Une vision maritime peut toutefois se construire, à condition d’en avoir la volonté politique : c’est son absence que nous déplorons depuis plusieurs années, car elle condamne aujourd’hui l’une des grandes puissances maritimes d’Europe à subir l’éloignement des plateformes du commerce mondial, au détriment de son économie et de sa croissance.
Un certain nombre de chiffres, déjà cités par les orateurs qui m’ont précédée, permettent d’appréhender la gravité de la situation : entre 1989 et 2006, la croissance du trafic des ports français a été de près des deux tiers inférieure à celle des ports de nos voisins européens, et la moitié des conteneurs à destination de la France transitent par des ports étrangers. Notons, à ce propos, que la dernière réforme portuaire, censée aider les ports à reconquérir des parts de marché, ne leur a, pour l’heure – peut-être est-il encore trop tôt pour dresser un bilan définitif –, même pas permis de stabiliser leurs positions.
Néanmoins, certains responsables politiques ont pris conscience du caractère stratégique des mers et des océans.
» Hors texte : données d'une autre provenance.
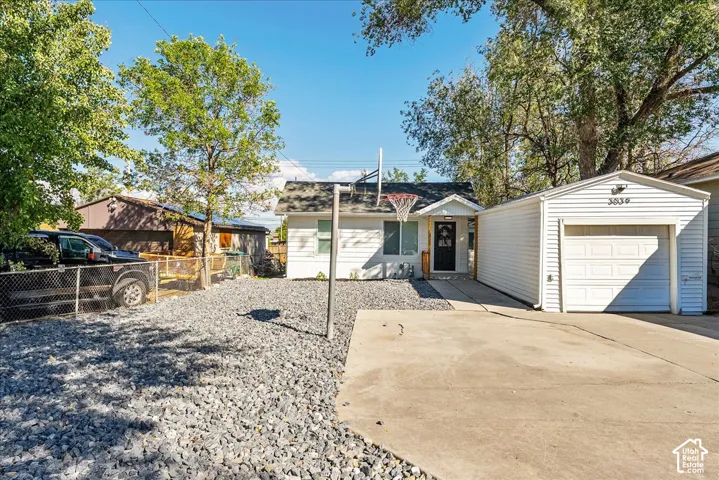Attached single-car garage with a white panel door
La mondialisation de la production à flux tendus et de la division sociale du travail fragmente en effet les zones de production, tout en les éloignant des centres de consommation.
Pourtant, ne l’oublions pas, le troisième armateur mondial de porte-conteneurs est français et les armements européens contrôlent 41 % de la flotte mondiale. Comment valoriser nos atouts ? L’objectif est non pas uniquement de nous livrer à une concurrence débridée avec nos voisins européens, mais avant tout de sécuriser, dans le respect des normes sociales et environnementales, l’acheminement des produits nécessaires au fonctionnement et au développement de notre économie, à l’import et à l’export.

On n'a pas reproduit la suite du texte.